↓

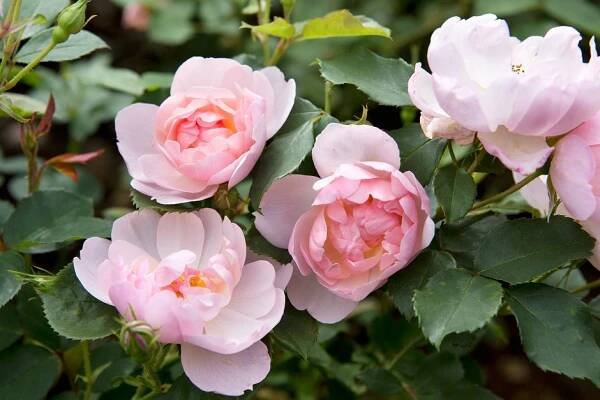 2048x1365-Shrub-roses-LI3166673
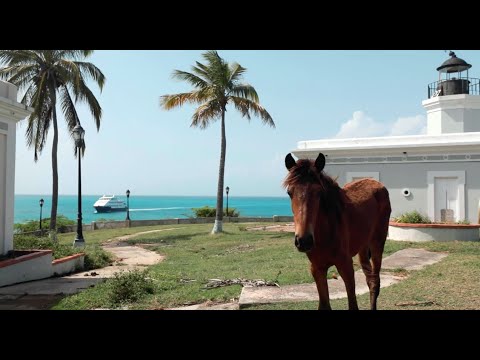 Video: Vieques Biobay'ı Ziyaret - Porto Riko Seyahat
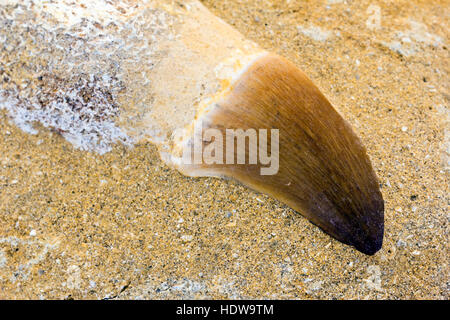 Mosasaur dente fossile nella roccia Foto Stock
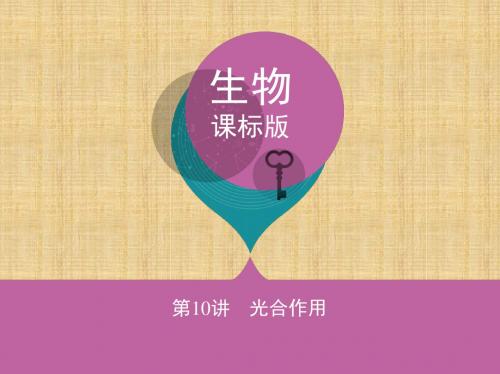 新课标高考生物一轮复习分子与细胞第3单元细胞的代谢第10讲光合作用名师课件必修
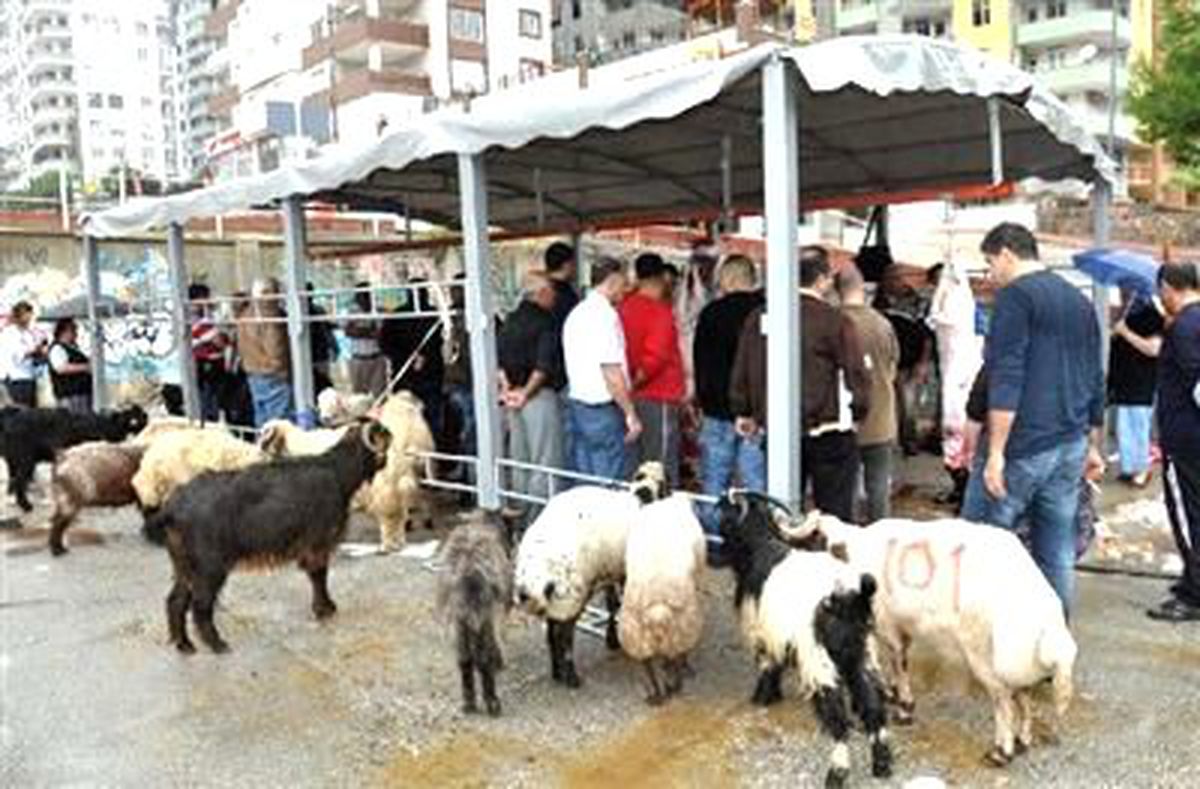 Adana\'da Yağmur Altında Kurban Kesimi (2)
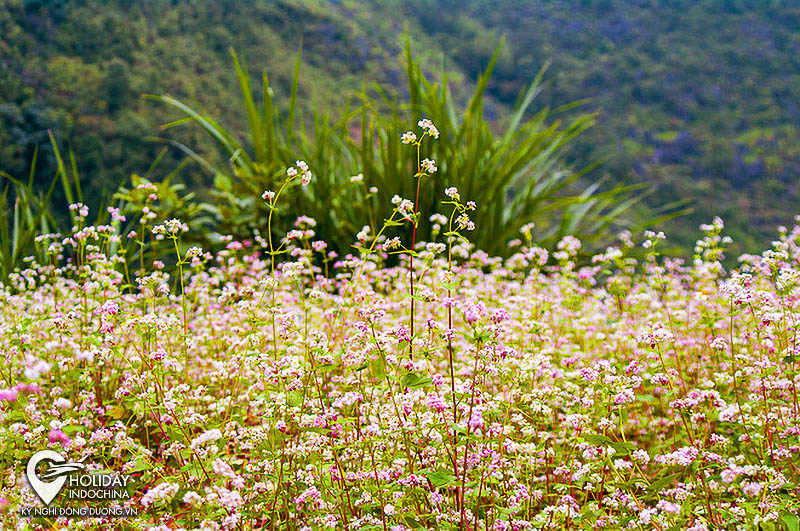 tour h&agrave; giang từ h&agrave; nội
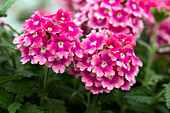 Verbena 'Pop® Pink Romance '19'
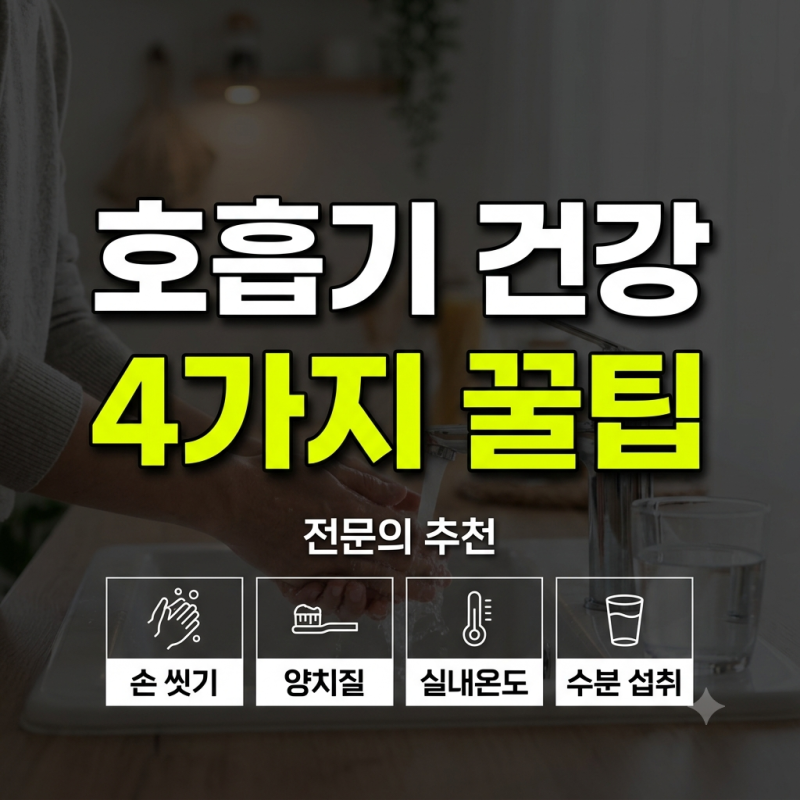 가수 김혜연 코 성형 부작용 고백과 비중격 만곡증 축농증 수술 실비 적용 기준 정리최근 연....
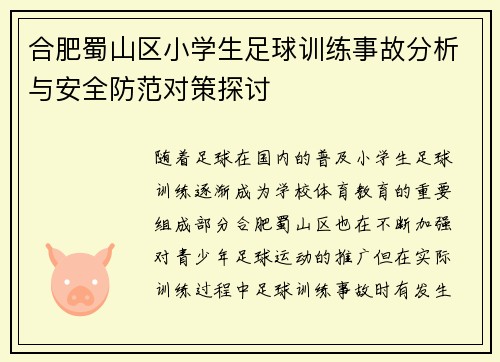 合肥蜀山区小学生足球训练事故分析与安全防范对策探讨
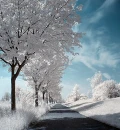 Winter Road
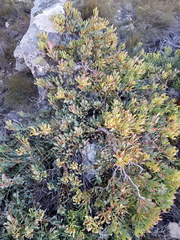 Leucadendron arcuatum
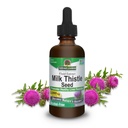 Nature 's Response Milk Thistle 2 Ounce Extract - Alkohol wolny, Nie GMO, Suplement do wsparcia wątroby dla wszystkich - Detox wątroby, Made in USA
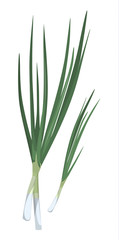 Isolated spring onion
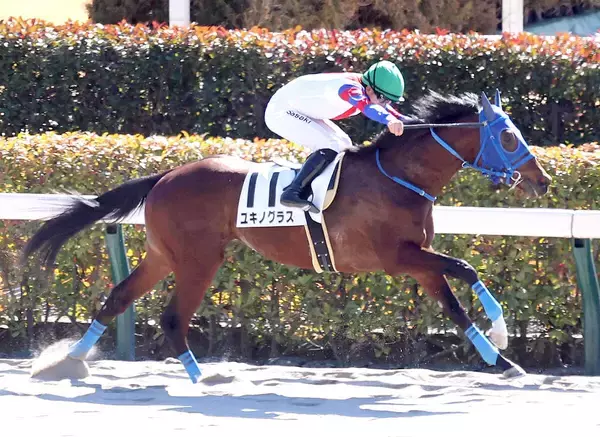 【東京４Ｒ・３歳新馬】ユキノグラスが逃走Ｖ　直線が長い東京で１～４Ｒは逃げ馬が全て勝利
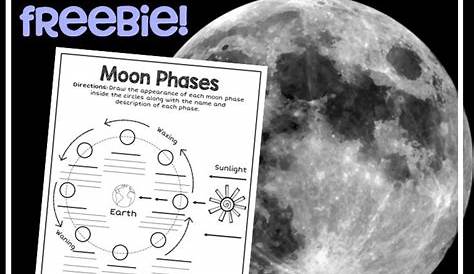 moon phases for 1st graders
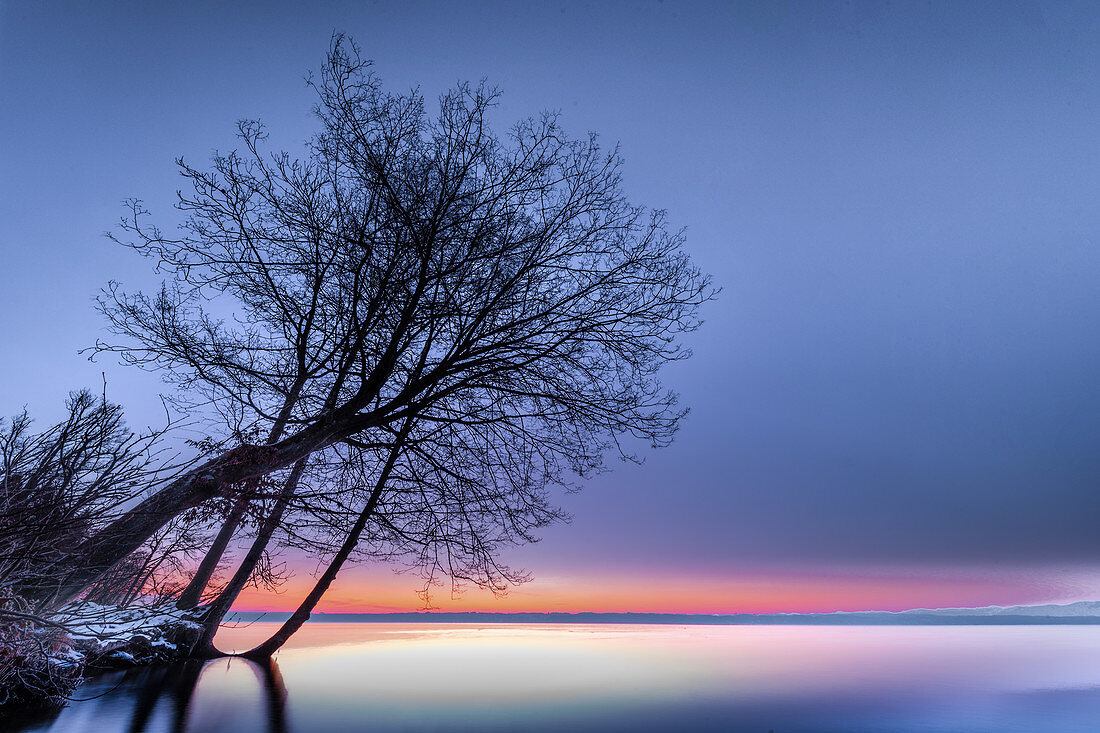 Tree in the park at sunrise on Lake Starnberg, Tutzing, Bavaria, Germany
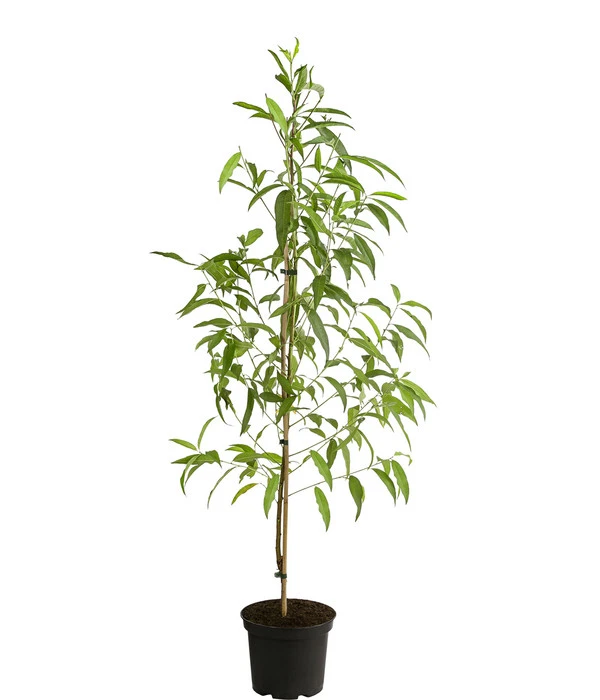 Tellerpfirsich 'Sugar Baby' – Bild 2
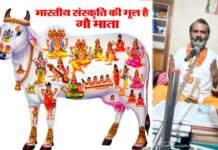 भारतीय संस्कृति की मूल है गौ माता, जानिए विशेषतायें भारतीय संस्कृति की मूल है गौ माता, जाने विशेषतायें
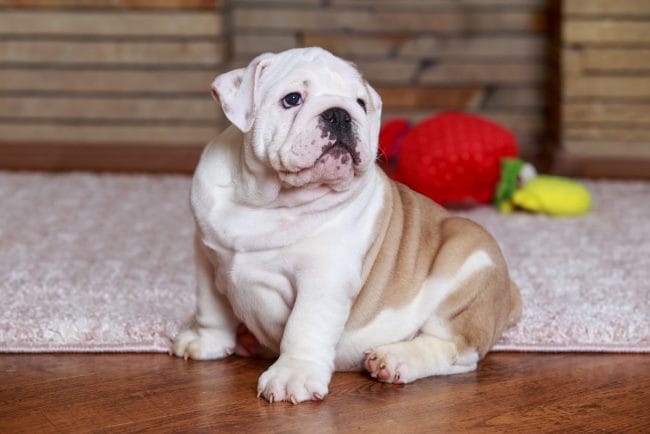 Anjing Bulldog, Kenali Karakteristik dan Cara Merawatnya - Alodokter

↑

In the listing above, find the line with "tour h&agrave; giang từ h&agrave; nội" and the line with "Tellerpfirsich 'Sugar Baby' – Bild 2". Copy exactly those two and every line between, without the pictures.

 tour h&agrave; giang từ h&agrave; nội
 Verbena 'Pop® Pink Romance '19'
 가수 김혜연 코 성형 부작용 고백과 비중격 만곡증 축농증 수술 실비 적용 기준 정리최근 연....
 合肥蜀山区小学生足球训练事故分析与安全防范对策探讨
 Winter Road
 Leucadendron arcuatum
 Nature 's Response Milk Thistle 2 Ounce Extract - Alkohol wolny, Nie GMO, Suplement do wsparcia wątroby dla wszystkich - Detox wątroby, Made in USA
 Isolated spring onion
 【東京４Ｒ・３歳新馬】ユキノグラスが逃走Ｖ　直線が長い東京で１～４Ｒは逃げ馬が全て勝利
 moon phases for 1st graders
 Tree in the park at sunrise on Lake Starnberg, Tutzing, Bavaria, Germany
 Tellerpfirsich 'Sugar Baby' – Bild 2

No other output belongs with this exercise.